● INFORMATION SUPPLIED:
= = = = =
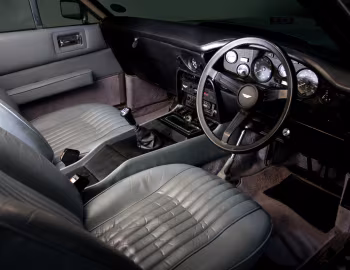 Intérieur Aston Martin V8 Vantage [UK-spec] (Series II) '10.1978–89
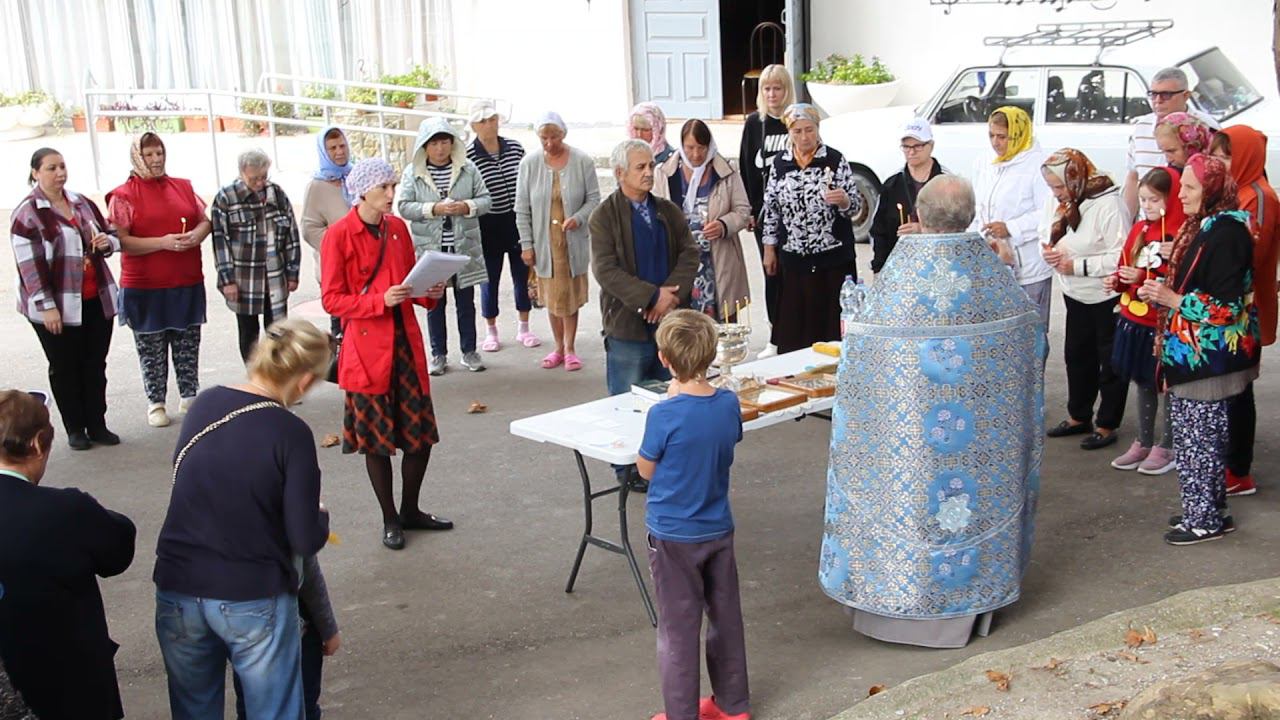 Праздник Покрова Пресвятой Богородицы.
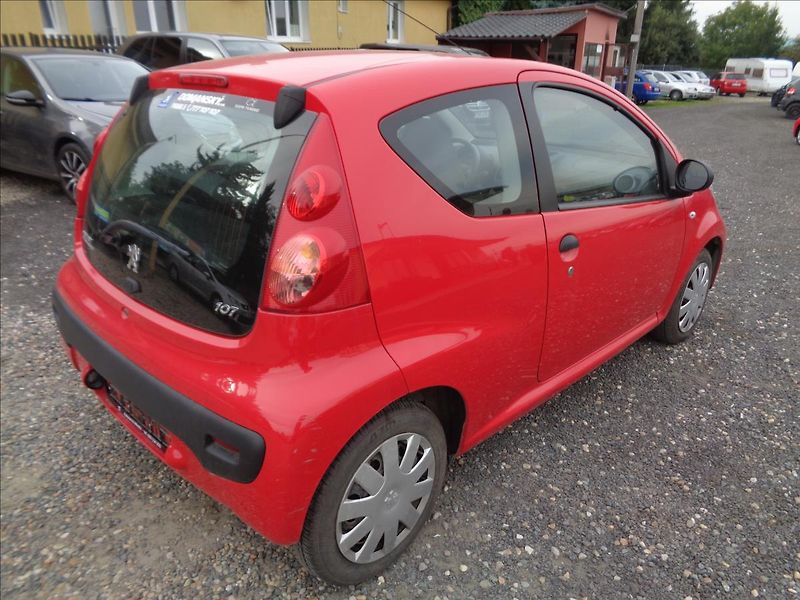 Peugeot 107 1,0 - fotka 6 z 13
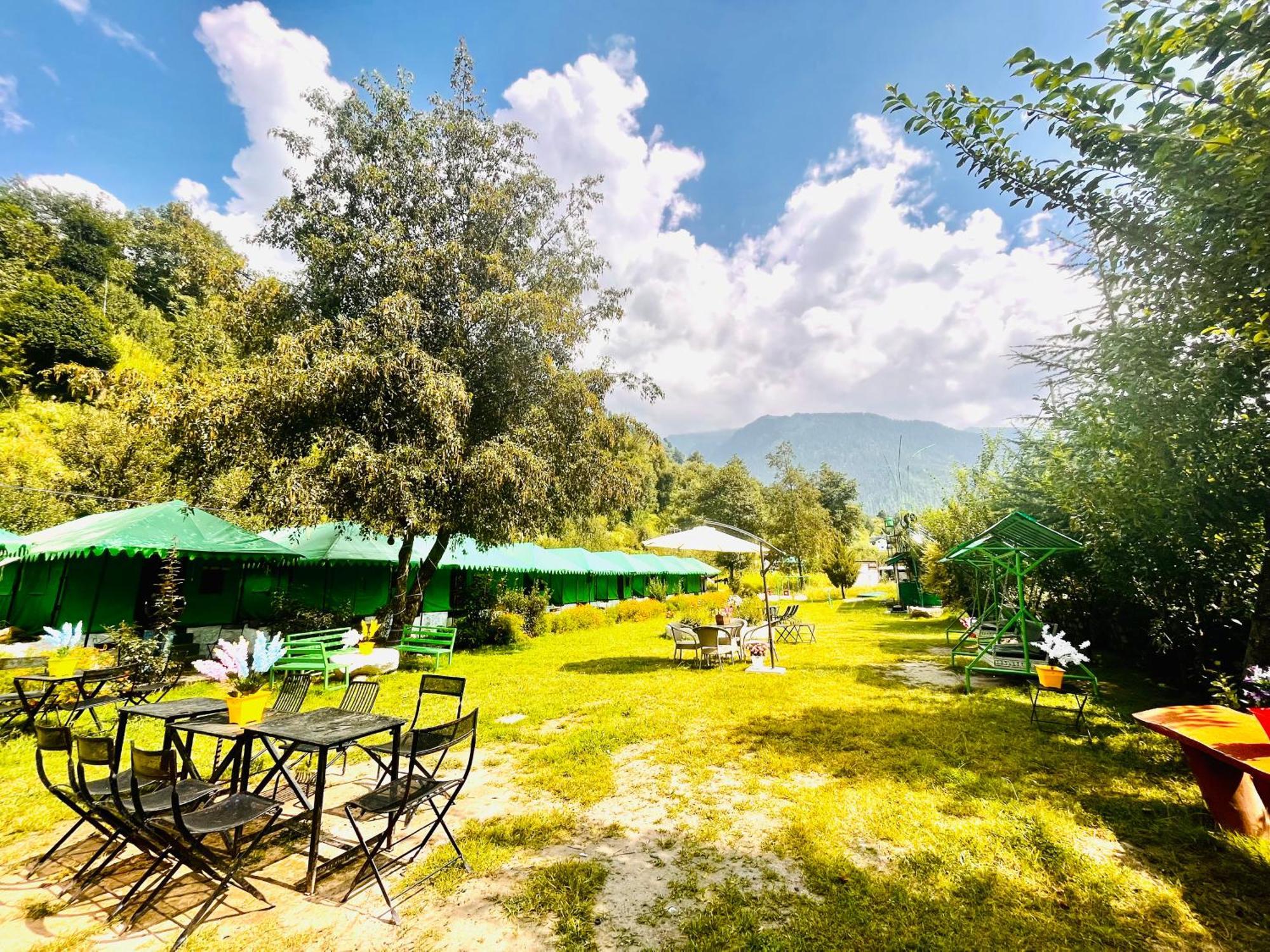 Himalayan Hill Queen Resort, M98160-43400 4*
= = = = =
● WHAT IS EXPECTED: Each line of the data above needs to be retyped as it is, without any picture.

● WRITTEN SOLUTION:
 Intérieur Aston Martin V8 Vantage [UK-spec] (Series II) '10.1978–89
 Праздник Покрова Пресвятой Богородицы.
 Peugeot 107 1,0 - fotka 6 z 13
 Himalayan Hill Queen Resort, M98160-43400 4*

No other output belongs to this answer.